Not news. Just close minded gossip.

------
Amezarak
I’m skeptical that I should feel any sympathy for billionaires involved in
multinational political projects, whether it’s Soros or the Koch brothers or
anyone else.

The very existence of billionaires able to fund political agendas is extremely
pernicious in any democracy. Money should not buy outsized influence. In my
view, this is one of the most important reasons we need more income equality -
fabulously rich billionaires destabilize society by pushing agendas not in
concert with the middle and lower classes.

When this generates a reaction, instead of realizing it is the exercise of
their power causing problems, they complain about the proles and push back
even harder with the levers of power to silence and suppress the opposition.

------
test001only
The creation of an enemy and blaming them for all the problem seems to be one
of the most successful ways to win election - this has been used in India
since long before.
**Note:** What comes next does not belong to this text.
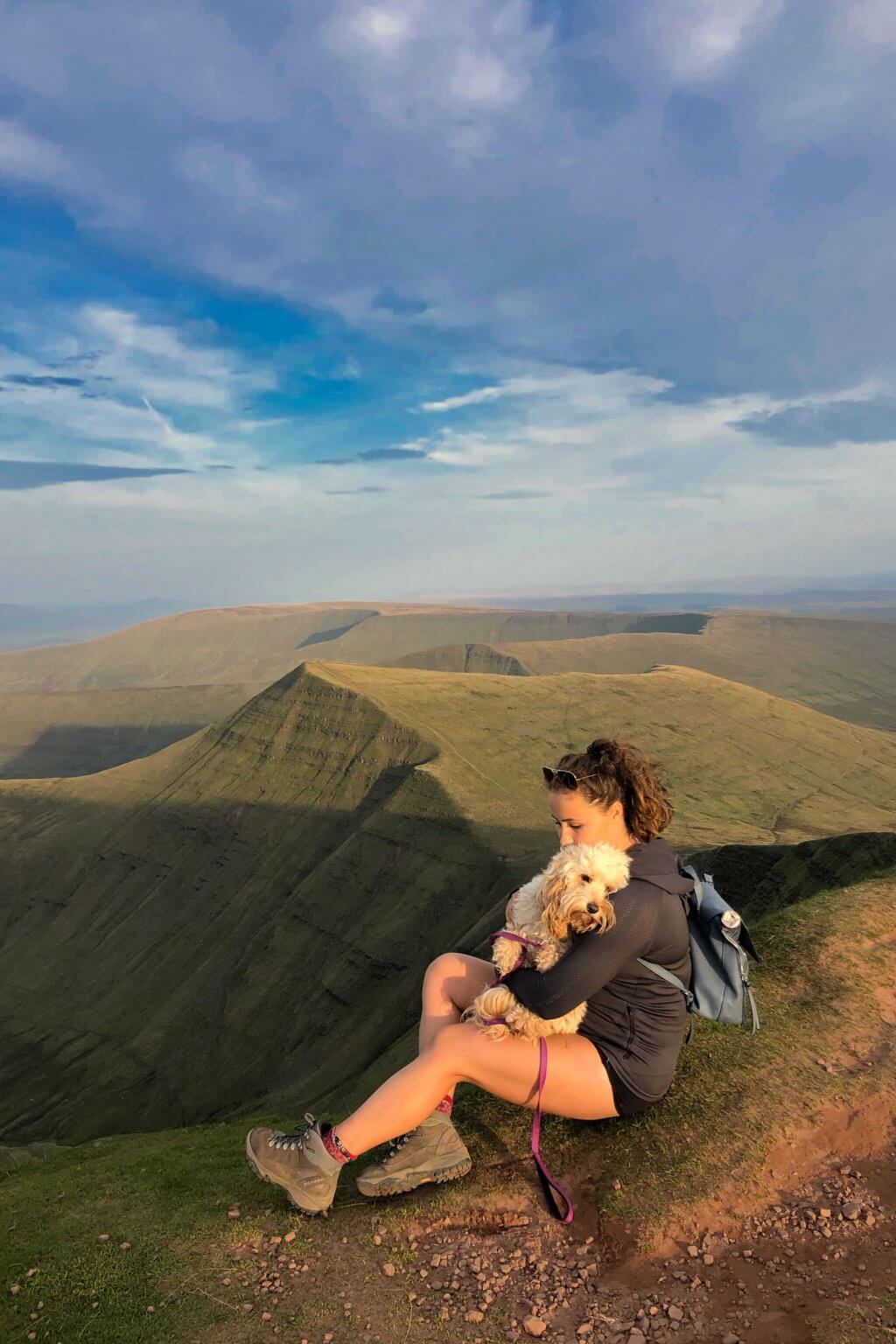 The BEST Hikes In The Brecon Beacons: Wales National Park Guide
Stirring up people's emotions and pitching them against
each other will result in them fighting each other instead of uniting and
questioning the politicians. Politicians will find and use any difference
between people to split them - cast, religion, language, job, skin colour,
food habits...

There is nothing smart about what the people in the article are doing - they
are just motivated by money and are leaving the world a much worse place for
the next generation.

------
ncmncm
It is not often that you can find textbook examples of pure evil.

As Hannah Arendt noted, they invariably turn out to be, also, banal and
trivial. There is no sweeping vision at work, just a desire for money, and to
stay on the winning side, with no interest in the consequences.

It is actually quite unusual to find people with both high intelligence and
absolutely no desire to leave a better world for their children, but money
always does.

------
offbytwo
buzzfeed lol